Installation view of My garden’s boundaries are the horizon at the Garden Museum, London (photo by Graham Lacdao)
Derek Jarman, “Oh Zone” (1992) (image courtesy Amanda Wilkinson Gallery)

This installation illustrates how personal Prospect Cottage was to Jarman, and imbues the experience of walking through the exhibition with a kind of ghostly quality; knowing that this is a recreation of a building on the other side of the country is an uncanny feeling — one that enhances both the feeling of a connection with Jarman, and the ways in which his art reckons with the idea of loss. A pair of large paintings, “Oh zone” and “Acid Rain” (both from 1992) approach this loss from a wider perspective, featuring text on minimal, abstract backgrounds, which serves as an environmentalist political statement.

It’s impossible to look at Jarman’s visual art as being only personal; it’s impossible to separate this work from the wider political concerns of his time, seen in the ways it considers the wider discriminations that queer men dealt with then, and continue to deal with today. Jarman’s film The Garden (1990) explores these concerns most explicitly. Filmed at Prospect Cottage, it offsets the sanctuary of his home with the political struggles of gay men — from homophobic violence, to an oncoming environmental catastrophe — serving as a counterpoint to work like “Oh zone.”

Derek Jarman in Dungeness (photo by Howard Sooley)

Offering a singular vision of Jarman’s creative life, my garden’s boundaries are the horizon illustrates how the artist saw the world, even as his sight was fading. His works are uncompromising, presented in a space that’s at once haunted and transcendent, indicating that the world, for all of its problems — and there are a lot of them — is always worth fighting for.

Derek Jarman: My garden’s boundaries are the horizon continues through September 20 at the Garden Museum (5 Lambeth Palace Road, London). The exhibition was curated by Emma House and the cottage was designed by Jeremy Herbert. 

Sam is a writer, artist, and editor. Their work has been published by the LA Review of Books, the BFI, i-D, and other places. They are one of the founding editors of Powder , a queer zine of art and literature;...

2 replies on “Basking in Derek Jarman’s Private Utopia”

  1. Good to see something about St Derek of Dungeness!
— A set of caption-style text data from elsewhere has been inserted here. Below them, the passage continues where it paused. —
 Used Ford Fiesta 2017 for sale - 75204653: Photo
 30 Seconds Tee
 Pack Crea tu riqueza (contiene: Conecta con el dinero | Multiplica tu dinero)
    I had the very great privelige of filming at Prospect Cottage in 2007 Courtesy of Jarman’s surviving Partner Keith Collins /HB. HB was the most charming of hosts, very generous and welcoming, he made us tea and we talked about Derek and the past, of the dreadful carnage brought about by AIDs and the Thatcher led Tories. I was very sad when he died a couple of years back.

    Dungeness is a very special place. Like generations of kids I was introduced to it by a ride on the Light Railway. I returned periodically both before Jarman got there and then long after his death to walk the ness then have lunch in the Light Railway Cafe and of course pay homage at Prospect Cottage. After that we’d always buy Kippers from the Smokery a few doors down, before heading home. It was the perfect place for Jarman to end up.

    Apart from his brilliant films, I revere his journals. I return to them year after year. He was a very evocative writer who managed to capture so much about what it was to be a post war English person. I only ever stood back to back with him at a private view in a squatted arts project in Stockwell south London, but through his journals I feel very close to him. How can you not be moved by such poignant prose? ……

    “I caught myself looking at shoes in a shop window. I thought of going in and buying a pair, but stopped myself. The shoes I am wearing at the moment should be sufficient to walk me out of life.”

    Deeply concerned about the loss of Englishness he himself was he Quintessential Englishman.

    I am no longer living in the UK, and the thought of getting the Eurostar just now is not a prospect I’d consider. But I’m so happy Prospect Cottage is in safe hands. The English are so crap at protecting their precious history!

  2. FYI: Jarman died from AIDS in 1994, just a few years, if not months, after the works you mention.